I enjoy it when I read an argument that changes my mind on an issue. I'm serious. It's not that I enjoy having my opinion changed. The enjoyment comes from finding a well crafted argument that causes me to look at an issue in a new way. I even enjoy an argument that doesn't change my opinion, but still brings up good points I hadn't considered before.

When the "revised" Star Wars films were shown in theaters (when was that?) - with "better" effects and added scenes - I, being a film purist, was shocked. Why mess with history, I thought - these films are considered classics and landmarks of cinema. Leave well enough alone. Then, this year, Mr. Lucas "revised" THX 1138 and released it to DVD. When will this madness end?

There's an interview with George Lucas in the latest issue of Entertainment Weekly, about the "revised" Star Wars trilogy that's being released on DVD this week. Now, my mind is changed - to a point.

(George Lucas says he prefers the word "completed" to "revised.")

Entertainment Weekly asked: "What's the line between restoring a film and altering it? Obviously, the versions of the Star Wars Trilogy and THX 1138 on DVD go far beyond what we saw in theaters." George Lucas answered, "Film is so expensive, and it's run by corporations. They just take it away from you, and it's frozen in time at the point it's yanked from your hands. I've been lucky enough to go back and say, 'No, I'm going to finish this the way it was meant to be finished.' When Star Wars came out, I said it didn't turn out the way I wanted - it's 25 percent of what I wanted it to be. It was very painful to me. So the choice came down to, do I please myself and [finally] make the movie that I wanted, or do I allow the audience to see the half-finished version that they fell in love with?" Then, later in the interview, he said, "Nobody seems to mind the [idea of] a 'director's cut.' But to go the next step and say, had they given me another $50,000 to finish these matte paintings, this is what the film would look like - that's not changing your mind."

So why, exactly, is it that I can enjoy the "director's cut" of Blade Runner - with the voice-over removed, the unicorn dream added, and the stronger suggestion that Deckard is a replicant - and even consider it a better film than the original version I saw in the theater, and yet be outraged by a different version of Star Wars? One reason is that when Star Wars was released in 1977, it was amazing to see such cutting-edge special effects - things that had never been done before, like showing a space ship flying through space by moving the camera instead of the model space ship. Those special effects altered the way films were made from that point on. To go back and say that the film would be better if those 1977 special effects were done with 2004 computer graphics is quite different than to say it would look better with better matte paintings.
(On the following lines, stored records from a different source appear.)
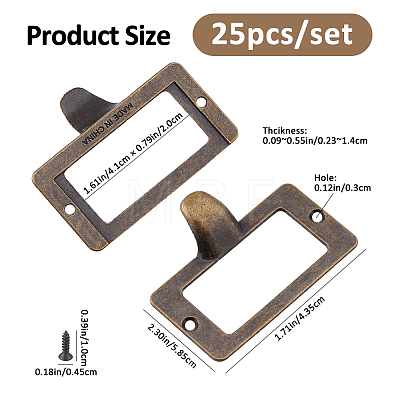 25Pcs Rectangle Zinc Alloy Label Frame Card Holder AJEW-FH0008-75D-1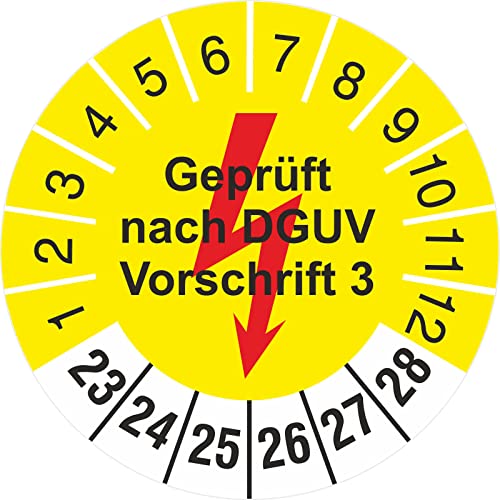 200 Stück Prüfetiketten 18mm Geprüft nach DGUV Vorschrift 3 gelb mit Blitz 2023-2028 200 Stück Prüfetiketten 18mm Geprüft nach DGUV Vorschrift 3 gelb mit Blitz 2023-2028 von kaufdeinschild
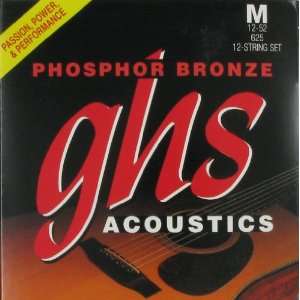 GHS Acoustic Guitar Phosphor Bronze Medium 12 Strings, .012   .052 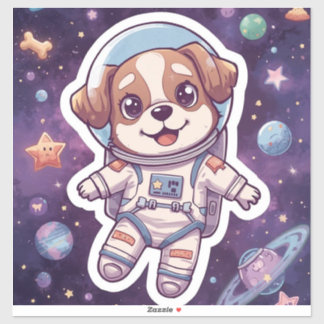 Interstellar Paws - Schattigee ruimtehond in avont Sticker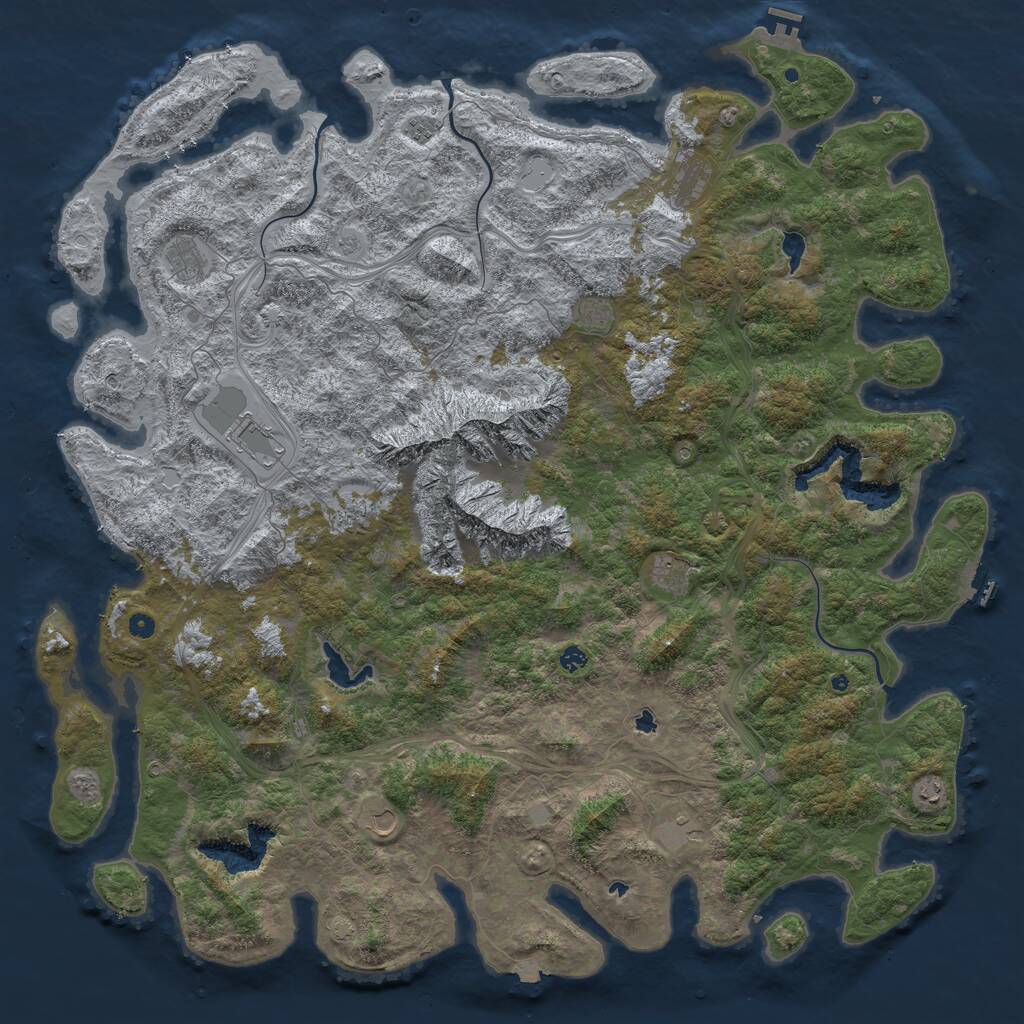 Rust Map: Procedural Map, Size: 6000, Seed: 723197, 17 Monuments
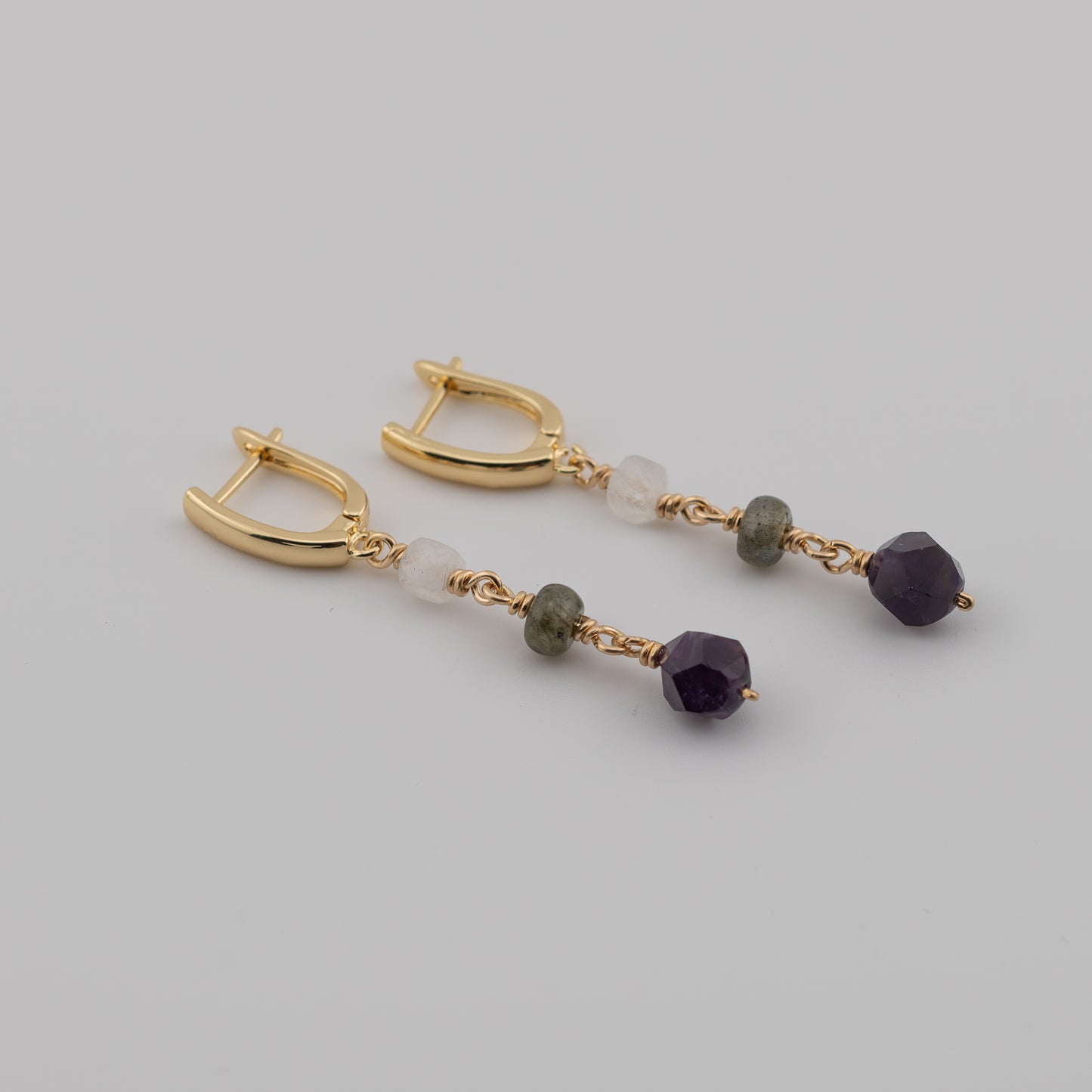Rainbow Moonstone, Labradorite and Amethyst Earrings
I own E.T. on a two-DVD set: One DVD has the original version that was shown in theaters, and the other has Steven Speilberg's "remastered" version. That's the way remastering should be done, I think - with the original preserved.

Still, if I were asked to read my "Second Chances" story, I'd read it the way I originally wrote it, not the edited version that was printed in The Sun.

I read my "meditation" story to Writers' Group today, and it got a good reaction. Barbara and Don both commented that they felt relaxed just hearing it - which was exactly what I was trying to achieve.